The entrancing scent of wood charred vegetables, bread, and meats will soon make its debut in Detroit’s Core City neighborhood when Magnet, the latest culinary venture from Takoi’s chef Brad Greenhill and developer Phillip Kafka, opens on Sept. 20. Located at 4848 Grand River Ave., the 2,100-square-foot restaurant will cook up its plant-centric dishes, which are developed around single ingredients, using only a wood-powered grill and oven. “It sort of limits what we’re able to do,” Greenhill says. “But I find, as a chef, personally, that the more I’m limited the easier it is to be creative.”

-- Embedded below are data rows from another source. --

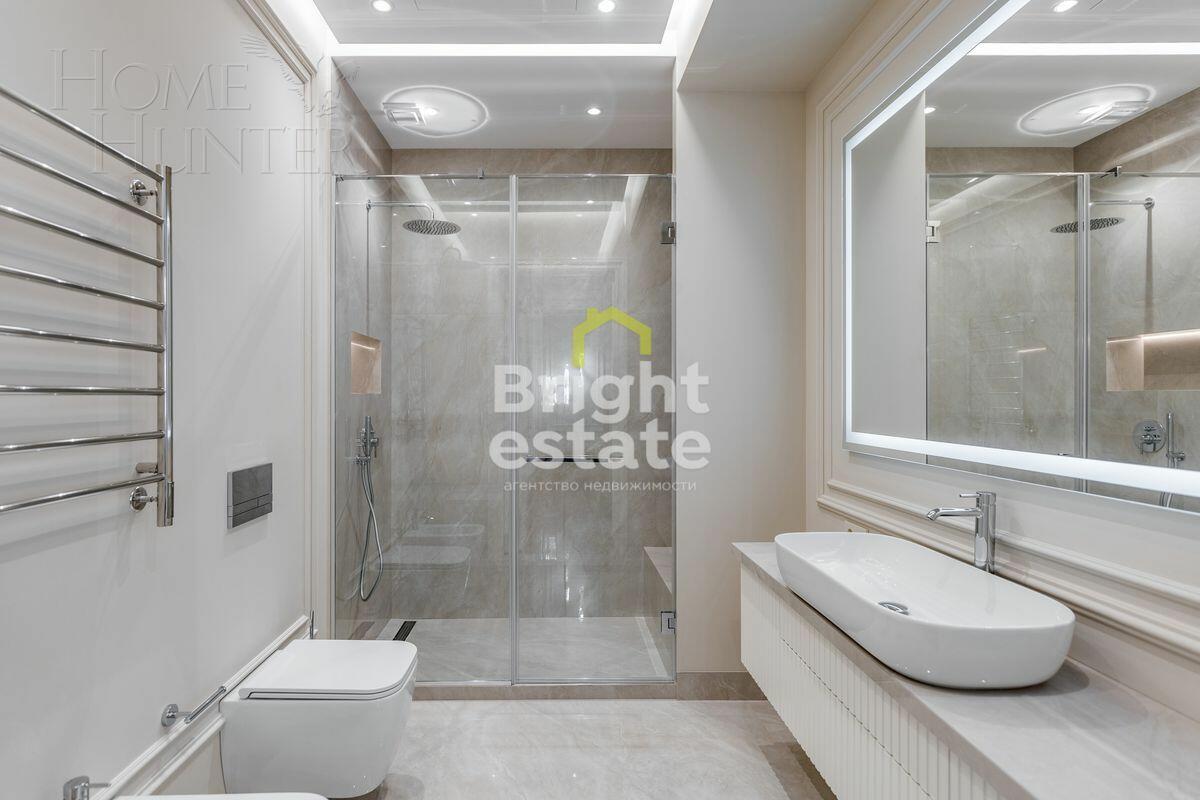 3-этажный таунхаус 287 м² с отделкой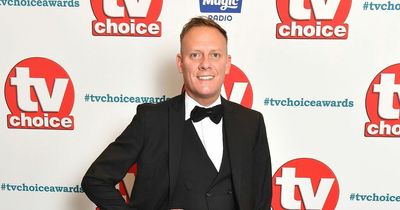 ITV Corrie's Antony Cotton sends message to Sally Dynevor and her Emmerdale husband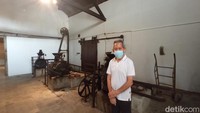 Pabrik penggilingan kopi ini kini diteruskan oleh Widayat Basuki Dharmowiyono, cucu dari Tan Tiong Ie. (Bonauli/detikcom)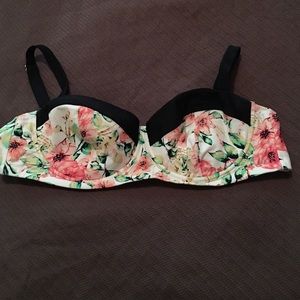 Plus size floral bikini top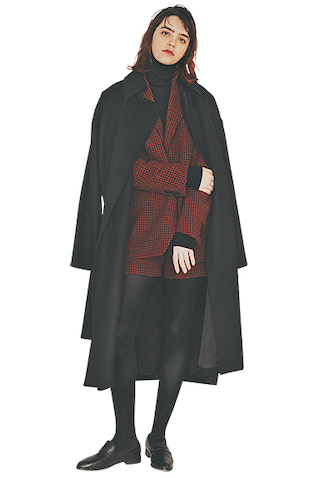 柄を整えるならやっぱり黒が有効：共布ベルトつき黒コート 154,000円、黒タートルネックニット 42,900円／ともにATON（ATON AOYAMA）　チェックジャケット 17,600円、ショートパンツ 8,800円／ともにSLY（バロックジャパンリミテッド）　黒タイツ（80デニール） 1,320円／17℃（17℃ by Blondoll 横浜ジョイナス店）　ローファー 16,390円／A de Vivre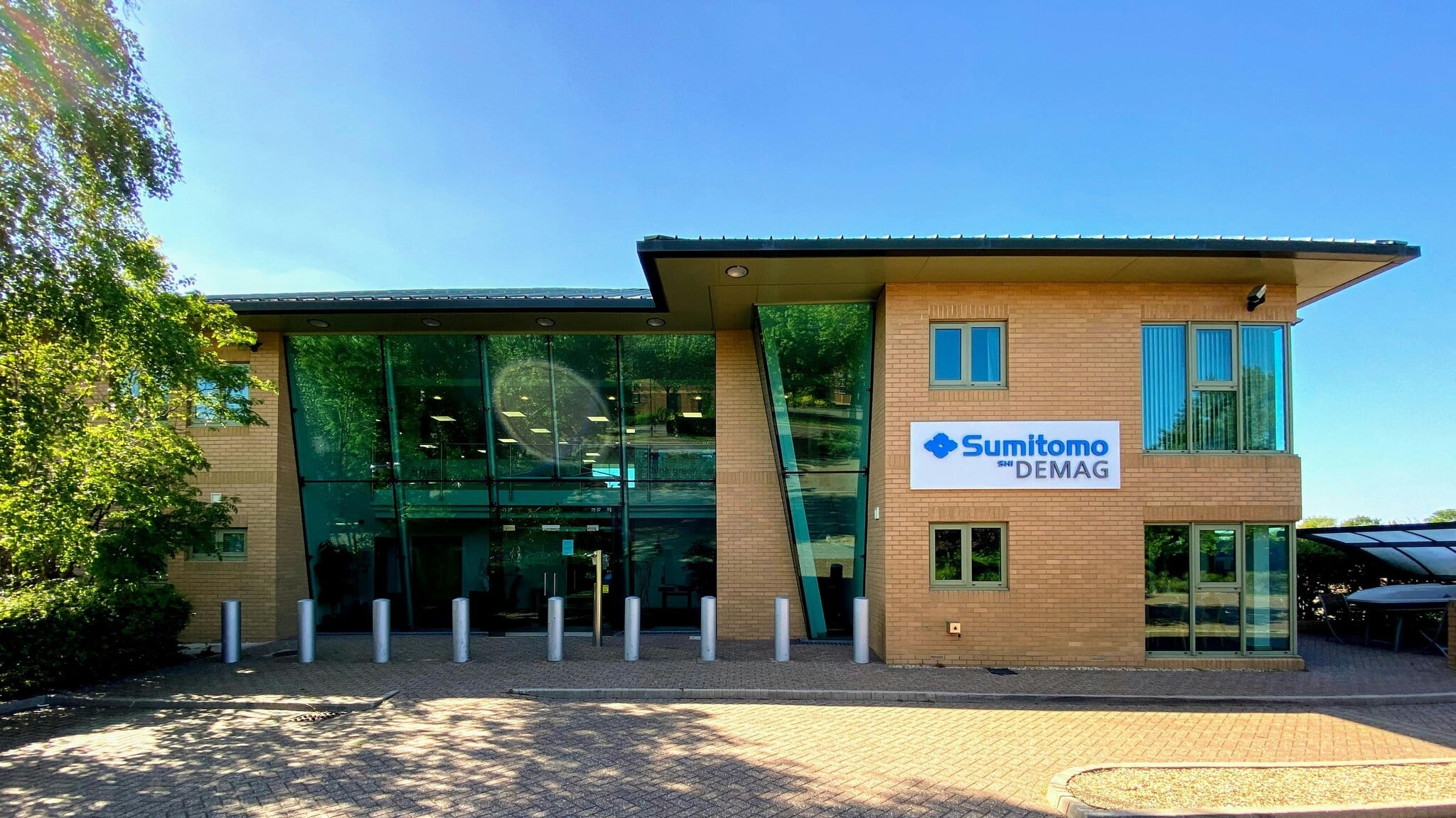 Quilters Way, Stoke Mandeville for sale Building Photo- Image 1 of 17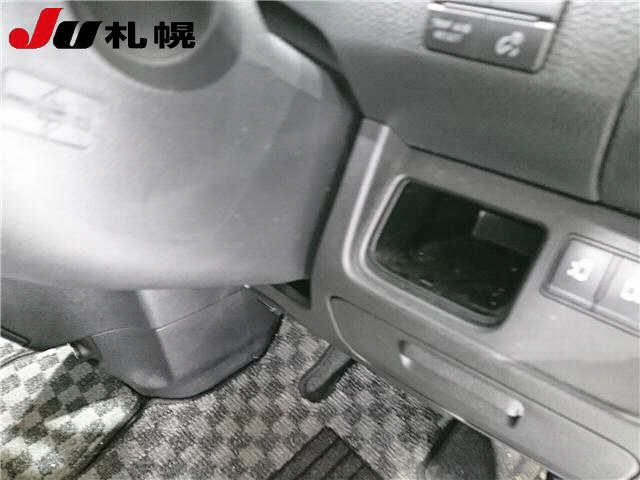 NISSAN SERENA 2013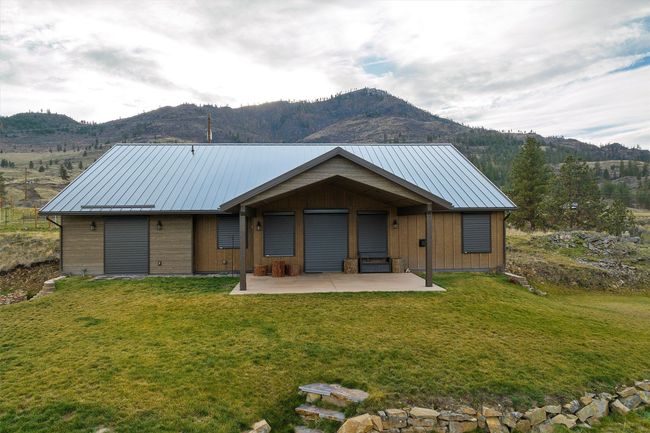9701 Mt Highway 200, House other with 3 bedrooms, 2 bathrooms and null parking in Dixon MT | Image 44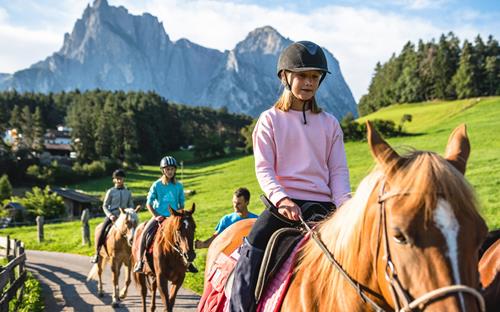 Bambini che vanno a cavallo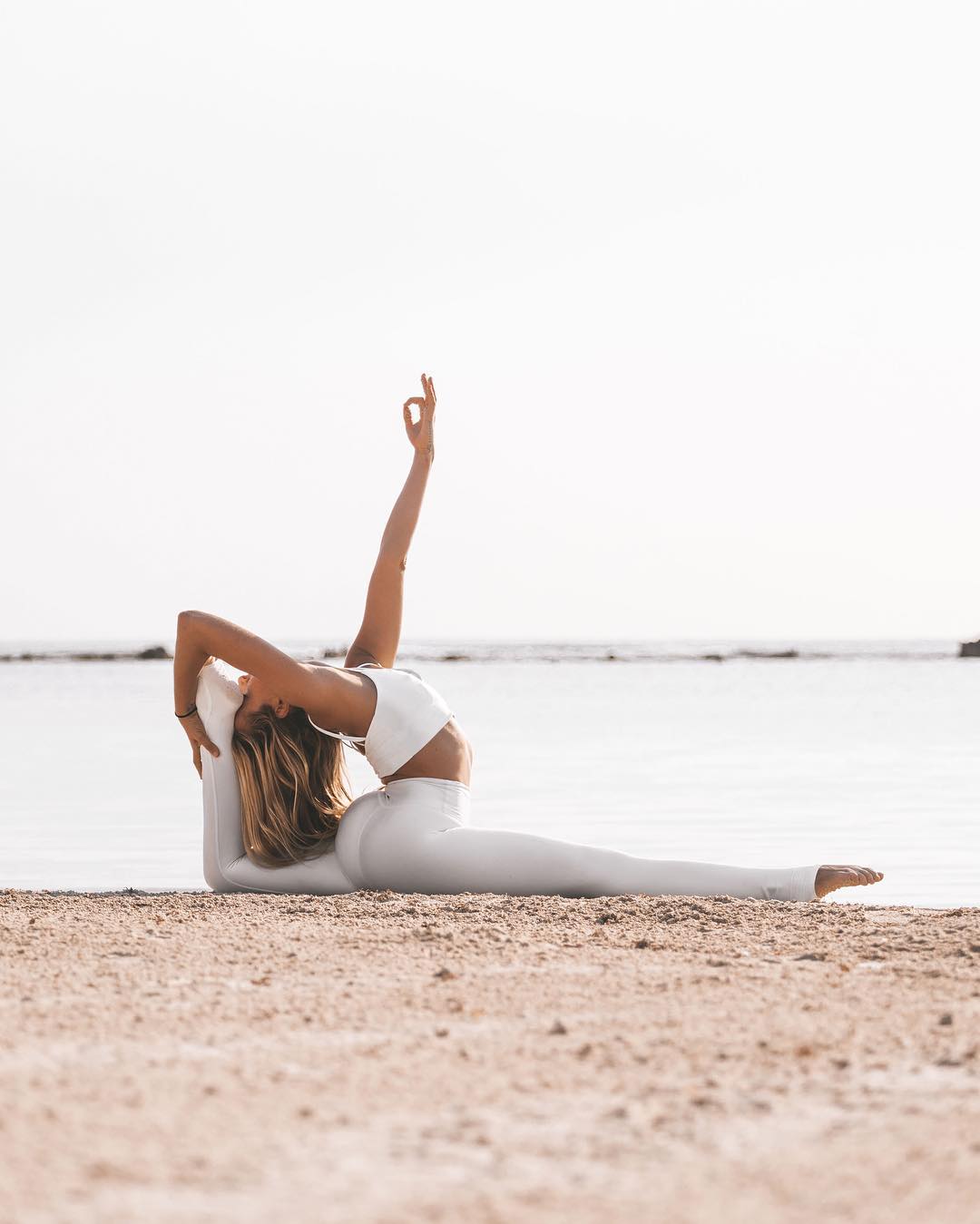 50岁伊能静穿黄色外套靓丽吸睛!多练几次瑜伽,身材果然不一样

The menu is influenced by cultures from around the world with a focus on a Mediterranean style of dining. Flatbread, which is made from five different types of flour, can be ordered either with a chickpea or farm cheese spread, or topped with brick cheese or lamb. Vegetable-focused menu items include smaller plates like a sweet and spicy crunchy salad revolving around blistered corn and dishes focused on burnt tomatoes and grilled broccoli. Larger vegetable plates include a tender cauliflower steak dish served with dipping sauces as well as oyster mushrooms soaked in a flavorful broth. Although the menu is intentionally more plant-focused — an obvious plus for vegetarians and vegans alike — the restaurant’s small meat section doesn’t disappoint with red chicken, branzino, and prime rib being just three of the five options. Sides include a salsa verde topped crispy rice, while dessert options are a chocolate milkshake made with tahini, a lemon tart, and an apple concoction that’s still in the works.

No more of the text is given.